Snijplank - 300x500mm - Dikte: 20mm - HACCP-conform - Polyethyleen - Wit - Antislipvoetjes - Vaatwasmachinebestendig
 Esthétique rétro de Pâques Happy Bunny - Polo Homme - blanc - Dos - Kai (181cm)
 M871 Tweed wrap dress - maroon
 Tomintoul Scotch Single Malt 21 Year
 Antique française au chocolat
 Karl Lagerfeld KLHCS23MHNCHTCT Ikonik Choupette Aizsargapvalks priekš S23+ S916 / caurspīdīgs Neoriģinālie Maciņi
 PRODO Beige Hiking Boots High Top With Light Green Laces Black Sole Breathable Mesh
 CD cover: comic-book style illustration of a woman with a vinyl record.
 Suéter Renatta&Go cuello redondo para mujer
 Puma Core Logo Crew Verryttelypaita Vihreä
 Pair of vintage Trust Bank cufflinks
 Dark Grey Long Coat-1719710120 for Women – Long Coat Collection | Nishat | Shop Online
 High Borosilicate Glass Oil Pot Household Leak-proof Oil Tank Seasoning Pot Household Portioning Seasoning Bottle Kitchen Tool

____

Work instruction: Transcribe, without alteration, the line that contains "Tomintoul Scotch Single Malt 21 Year" together with all lines after it in the listing above.

Exercise answer:
 Tomintoul Scotch Single Malt 21 Year
 Antique française au chocolat
 Karl Lagerfeld KLHCS23MHNCHTCT Ikonik Choupette Aizsargapvalks priekš S23+ S916 / caurspīdīgs Neoriģinālie Maciņi
 PRODO Beige Hiking Boots High Top With Light Green Laces Black Sole Breathable Mesh
 CD cover: comic-book style illustration of a woman with a vinyl record.
 Suéter Renatta&Go cuello redondo para mujer
 Puma Core Logo Crew Verryttelypaita Vihreä
 Pair of vintage Trust Bank cufflinks
 Dark Grey Long Coat-1719710120 for Women – Long Coat Collection | Nishat | Shop Online
 High Borosilicate Glass Oil Pot Household Leak-proof Oil Tank Seasoning Pot Household Portioning Seasoning Bottle Kitchen Tool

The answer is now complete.